Department of Malignant Hematology, H. Lee Moffitt Cancer Center and Research Institute, Tampa, FL, USA.

出版信息

Leuk Lymphoma. 2022 Jun;63(6):1281-1291. doi: 10.1080/10428194.2021.2018579. Epub 2021 Dec 21.

Abstract

Myelodysplastic syndromes (MDS) form a clinically and molecularly heterogeneous disease group. Precise risk stratification remains crucial for choosing optimal management strategies. Several conventional prognostic scoring systems have been developed and validated in the MDS population. These risk models divide patients into prognostic subgroups based on clinical and cytogenetic characteristics. Lack of dynamicity, variable risk estimate across models, and heterogeneity within intermediate-risk group are the limitations of traditional models like IPSS-R, with questionable relevance of these scoring systems in treated MDS patients.
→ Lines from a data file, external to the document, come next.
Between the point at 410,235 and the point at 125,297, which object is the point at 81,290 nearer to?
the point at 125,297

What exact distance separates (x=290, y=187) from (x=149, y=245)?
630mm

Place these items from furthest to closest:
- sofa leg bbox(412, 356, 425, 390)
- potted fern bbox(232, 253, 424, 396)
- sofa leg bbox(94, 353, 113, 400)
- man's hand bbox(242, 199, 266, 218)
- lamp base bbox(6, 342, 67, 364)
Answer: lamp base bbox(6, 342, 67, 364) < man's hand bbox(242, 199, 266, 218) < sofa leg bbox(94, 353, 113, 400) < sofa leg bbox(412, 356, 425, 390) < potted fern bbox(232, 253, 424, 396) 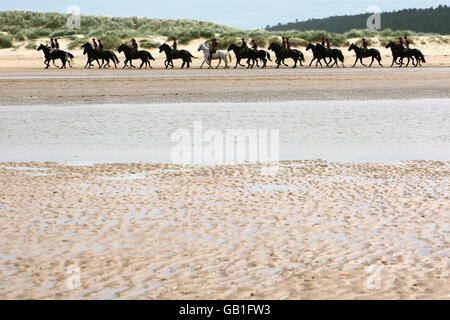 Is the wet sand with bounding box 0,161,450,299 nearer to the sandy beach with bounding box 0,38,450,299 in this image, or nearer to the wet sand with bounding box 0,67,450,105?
the sandy beach with bounding box 0,38,450,299

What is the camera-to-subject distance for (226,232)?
6727mm

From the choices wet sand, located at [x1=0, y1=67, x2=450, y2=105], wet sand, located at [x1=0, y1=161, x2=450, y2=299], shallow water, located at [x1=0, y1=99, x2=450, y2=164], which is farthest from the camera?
wet sand, located at [x1=0, y1=67, x2=450, y2=105]

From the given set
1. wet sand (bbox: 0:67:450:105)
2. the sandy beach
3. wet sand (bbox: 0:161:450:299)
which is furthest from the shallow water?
wet sand (bbox: 0:67:450:105)

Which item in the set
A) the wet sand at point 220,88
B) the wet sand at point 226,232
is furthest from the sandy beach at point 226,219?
the wet sand at point 220,88

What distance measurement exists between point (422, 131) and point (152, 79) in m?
16.9

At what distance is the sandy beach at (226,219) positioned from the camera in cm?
522

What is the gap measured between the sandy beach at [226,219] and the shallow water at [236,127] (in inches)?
3.0

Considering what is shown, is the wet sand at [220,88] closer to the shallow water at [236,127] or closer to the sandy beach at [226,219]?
the shallow water at [236,127]

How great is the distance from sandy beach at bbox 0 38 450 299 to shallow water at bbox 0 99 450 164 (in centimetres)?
8

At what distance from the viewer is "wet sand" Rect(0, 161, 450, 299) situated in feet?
17.0

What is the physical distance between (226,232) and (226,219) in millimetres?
529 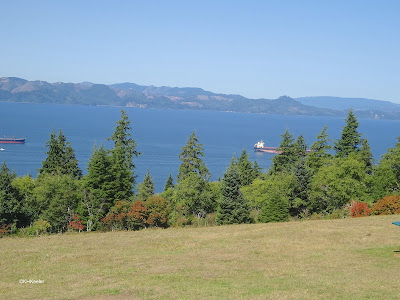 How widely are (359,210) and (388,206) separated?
2.76 meters

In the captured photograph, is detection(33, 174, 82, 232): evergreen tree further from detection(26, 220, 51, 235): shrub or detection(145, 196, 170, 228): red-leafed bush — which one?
detection(145, 196, 170, 228): red-leafed bush

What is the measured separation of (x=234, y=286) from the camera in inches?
768

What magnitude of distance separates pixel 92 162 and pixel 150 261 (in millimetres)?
24320

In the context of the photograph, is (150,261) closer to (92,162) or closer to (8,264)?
(8,264)

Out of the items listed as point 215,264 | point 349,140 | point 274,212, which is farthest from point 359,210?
point 215,264

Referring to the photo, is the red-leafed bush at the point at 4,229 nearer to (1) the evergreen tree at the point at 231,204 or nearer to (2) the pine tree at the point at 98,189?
(2) the pine tree at the point at 98,189

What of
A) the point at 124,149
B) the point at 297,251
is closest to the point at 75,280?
the point at 297,251

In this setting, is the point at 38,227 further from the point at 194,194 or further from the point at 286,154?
the point at 286,154

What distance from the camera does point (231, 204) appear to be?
4516cm

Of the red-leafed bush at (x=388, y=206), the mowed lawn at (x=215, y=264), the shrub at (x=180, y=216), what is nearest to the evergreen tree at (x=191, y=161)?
the shrub at (x=180, y=216)

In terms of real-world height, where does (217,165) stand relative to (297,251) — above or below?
below

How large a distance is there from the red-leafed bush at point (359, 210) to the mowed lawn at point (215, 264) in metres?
7.71

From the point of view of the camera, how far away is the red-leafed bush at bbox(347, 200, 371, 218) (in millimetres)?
44394

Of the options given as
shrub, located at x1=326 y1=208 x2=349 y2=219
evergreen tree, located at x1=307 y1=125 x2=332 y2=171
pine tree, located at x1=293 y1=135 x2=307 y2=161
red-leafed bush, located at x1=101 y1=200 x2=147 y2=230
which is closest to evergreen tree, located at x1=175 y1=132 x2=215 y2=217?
red-leafed bush, located at x1=101 y1=200 x2=147 y2=230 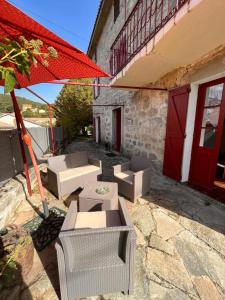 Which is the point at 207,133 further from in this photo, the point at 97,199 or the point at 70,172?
the point at 70,172

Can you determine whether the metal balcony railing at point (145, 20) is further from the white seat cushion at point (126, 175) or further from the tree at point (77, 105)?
the tree at point (77, 105)

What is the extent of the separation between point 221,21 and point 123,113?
15.8 ft

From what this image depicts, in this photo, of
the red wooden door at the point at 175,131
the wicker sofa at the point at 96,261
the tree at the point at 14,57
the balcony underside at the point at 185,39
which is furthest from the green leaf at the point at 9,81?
the red wooden door at the point at 175,131

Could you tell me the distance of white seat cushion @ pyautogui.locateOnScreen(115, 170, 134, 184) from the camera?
3155mm

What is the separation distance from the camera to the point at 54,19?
366 inches

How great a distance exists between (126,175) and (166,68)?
2.66 metres

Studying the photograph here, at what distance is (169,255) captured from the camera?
6.07ft

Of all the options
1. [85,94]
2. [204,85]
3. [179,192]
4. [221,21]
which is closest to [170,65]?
[204,85]

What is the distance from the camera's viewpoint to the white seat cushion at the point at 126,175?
316 cm

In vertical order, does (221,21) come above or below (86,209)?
above

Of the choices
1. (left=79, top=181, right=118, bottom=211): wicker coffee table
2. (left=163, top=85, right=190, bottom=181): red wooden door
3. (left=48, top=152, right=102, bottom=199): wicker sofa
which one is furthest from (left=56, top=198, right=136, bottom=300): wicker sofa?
(left=163, top=85, right=190, bottom=181): red wooden door

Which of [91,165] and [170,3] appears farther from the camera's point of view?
[91,165]

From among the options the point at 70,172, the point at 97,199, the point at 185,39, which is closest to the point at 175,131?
the point at 185,39

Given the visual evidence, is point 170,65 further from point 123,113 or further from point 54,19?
point 54,19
Recent progress in next-generation sequencing techniques has improved understanding of the distribution and prognostic importance of recurrent genetic mutations in MDS. Early studies have suggested that incorporating mutations in risk stratification could supplement IPSS-R in further refining the model's performance in predicting overall survival and risk of transformation to acute myeloid leukemia and should translate into a molecularly driven prognostication approach in the near future.

摘要

骨髓增生异常综合征(MDS)是一组临床表现和分子特征均具有异质性的疾病。精确的风险分层对于选择最佳的治疗策略仍然至关重要。已经在 MDS 患者中开发和验证了几种传统的预后评分系统。这些风险模型根据临床和细胞遗传学特征将患者分为预后亚组。传统模型(如 IPSS-R)的局限性在于缺乏动态性、不同模型之间的风险估计差异以及中间风险组内的异质性,这些评分系统在治疗后的 MDS 患者中的相关性值得怀疑。下一代测序技术的最新进展提高了人们对 MDS 中反复出现的遗传突变的分布和预后意义的认识。早期研究表明,将突变纳入风险分层中可以补充 IPSS-R,进一步提高该模型预测总生存期和向急性髓系白血病转化风险的性能,并且在不久的将来应该转化为一种基于分子的预后方法。